Three BIG Things BIG DATA is NOT, Nor Likely to Ever Be
Three BIG Things Big Data Is NOT, Nor Likely to Ever Be
With all the hype surrounding Big Data, determining what capability Big Data is delivering as well as what potential it has can be a bit cloudy. Some experts exhort praise for the amazing ways in which Big Data has already liberated the people to a newer level of understanding … and invested resources accordingly.
The White House has already invested more than $200 million in big data projects.
Goodness knows I can’t last two minutes after hitting unexpected traffic before I’m clamoring for my phone to rescue me with a new route or at least a picture of how long I’ll be trapped in the gridlock. That’s quite pedestrian for the glory that is forecast by some for Big Data (including me.)
Contrarians argue that Big Data is a fad or worse, a plague of unintended consequences from whatever benevolent or malevolent quest. Google was hailed for its ability to predict flu outbreaks weeks before the Center for Disease Control. Google did this by analysis of search requests for information about flu associated terms. This “nowcast” shook up predictive analysis in 2008 with much applause, providing specific flu information weeks before the CDC … until it didn’t. The effectiveness wore off. In 2013 Google missed the peak flu by 140%. Condemned as false prophet, Big Data does not deliver any solutions easily.
Regardless of what camp you fall into, Big Data is not, nor likely to be three things, at least for the foreseeable future.
Of course, if you could foresee the day when you’d always have a flashlight as long as you had a phone on you, you are ahead of 99.999% of us.
#1 Not a Straight Line
Big Data is not a linear process. There’s no straight, curved, looped or contorted line between problem and BD solution. You can’t walk up to a Big Data vending machine, plunk in a couple of coins and expect a sordid chain of bumps and clicks to derive the satisfying “gedunk” sound of what item you chose falling out the bottom drawer.
Big Data is a bit more like Life – it’s complex and chaotic – with all the physics and psychology lexicon trappings. A butterfly flutters its wings on the Amazon website or the South American river and a typhoon erupts in the African ecology or Chinese economy or Australian financial markets. Even holding a potential solution with intention while framing a Big Data algorithm defeats the process and purpose.
#2 Not So Scientific?
Big Data is not the traditional scientific methodology in which many have been trained to believe. The process does not involve a null hypothesis to be proven or disproven. Big Data is about observation – patterns, trends, anomalies, outliers. It’s a journey of discovery, not of certainty. Big Data creates options, not opinions.
At the end of the day, Big Data can tell what happens, which can be used to predict what will happen. Big Data though does not explain WHY, which is the more traditional demand in man’s quest to understand the world (and get one step ahead.)
#3 No Silver Bullet
Big Data is not the silver bullet that explains the WHY of the world, nor is it a solution in and of itself.

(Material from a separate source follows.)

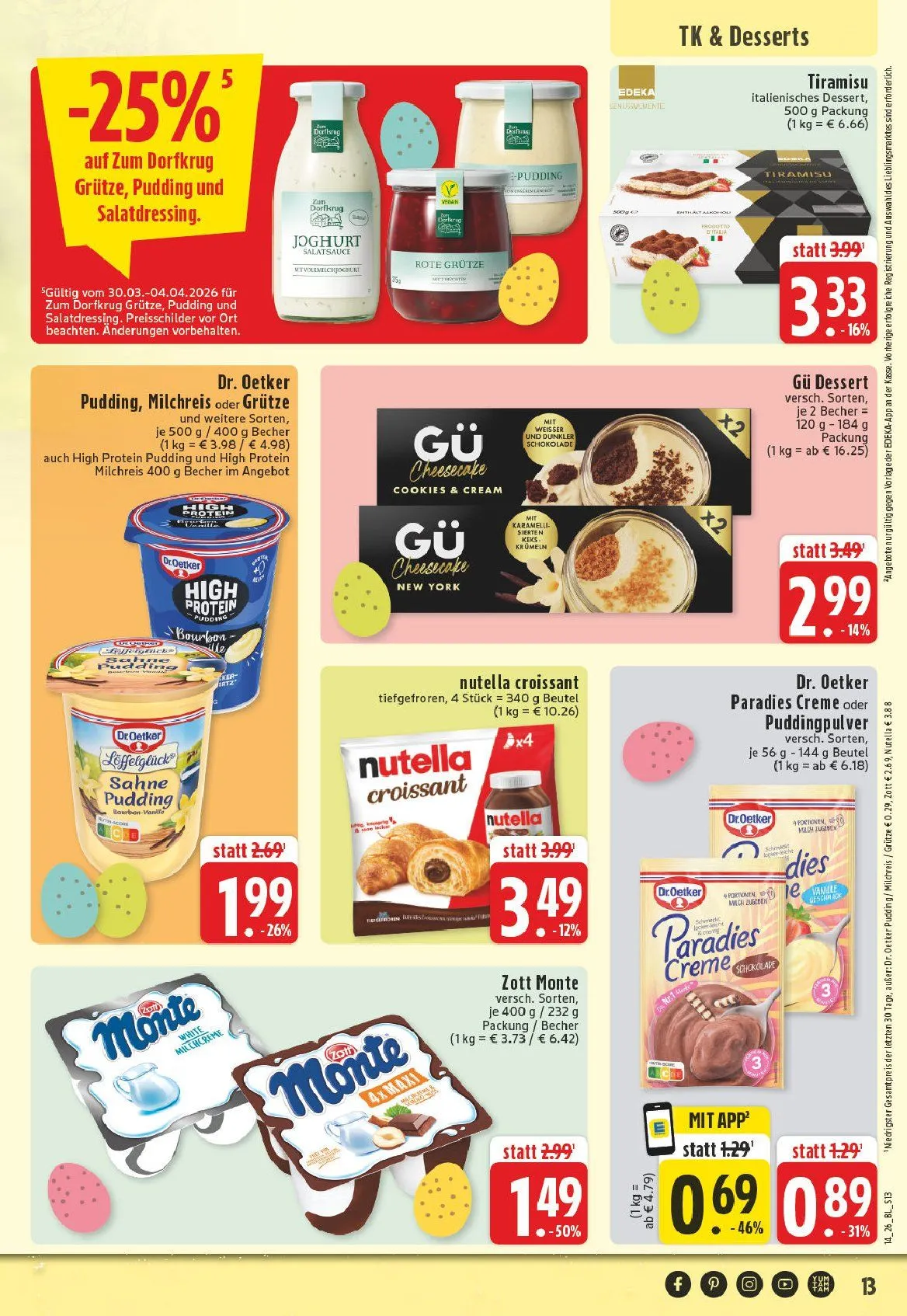Edeka Angebote von 30. März bis 4. April 2026 - Prospekt seite 13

Like business productivity movements such as Six Sigma or Total Quality Management or the Deming Method or ledger of similar potential, it has famed promises and variable application.
Similarly, the Internet isn’t the answer to all questions. As Google can testify with a million search results for any given query, more data – even Big Data – doesn’t mean a singular response. It’s more likely more questions and a suite of possible solutions.
Doing Big Data for the sake of being in with the Early Adaptors isn’t going to secure the future for anyone. Big Data should be implemented in harmony with the circumstances and ability of today’s framework. Big Data is best incorporated holistically, and in that regard, it is likened to the various business and life productivity trends before it.
Big Data is an embryonic capability. It’s a tool. It’s a philosophy. It’s a technique. It is not the pot of gold at the end of the rainbow.
If you’re still pondering it’s effect or lack thereof, consider these four stats from Forbes:
The data volumes are exploding, more data has been created in the past two years than in the entire previous history of the human race.
Data is growing faster than ever before and by the year 2020, about 1.7 megabytes of new information will be created every second for every human being on the planet.
By then, our accumulated digital universe of data will grow from 4.4 zettabyets today to around 44 zettabytes, or 44 trillion gigabytes.
Every second we create new data. For example, we perform 40,000 search queries every second (on Google alone), which makes it 3.5 searches per day and 1.2 trillion searches per year.
(16 more cool stats from Forbes)
Big Data isn’t going away. Business operations will leverage the capability, and economies will turn in tow. Societies worldwide continue aggregating greater and greater data stores, setting soliton waves into motion that have only begun to influence global and local policy. Learning what Big Data it is and isn’t is integral to understanding how it will alter business, governments, and societies.
The mechanics of Big Data are still very much in development. The digital collection of the volume, velocity and variety of information is far from perfection, with no single or solid methodology to anchor the veracious stream. But there is gold from Big Data – for some it’s predictive analytics and for the purists it is the simple beauty of seeing what emerges. This is still an art and not so much a science.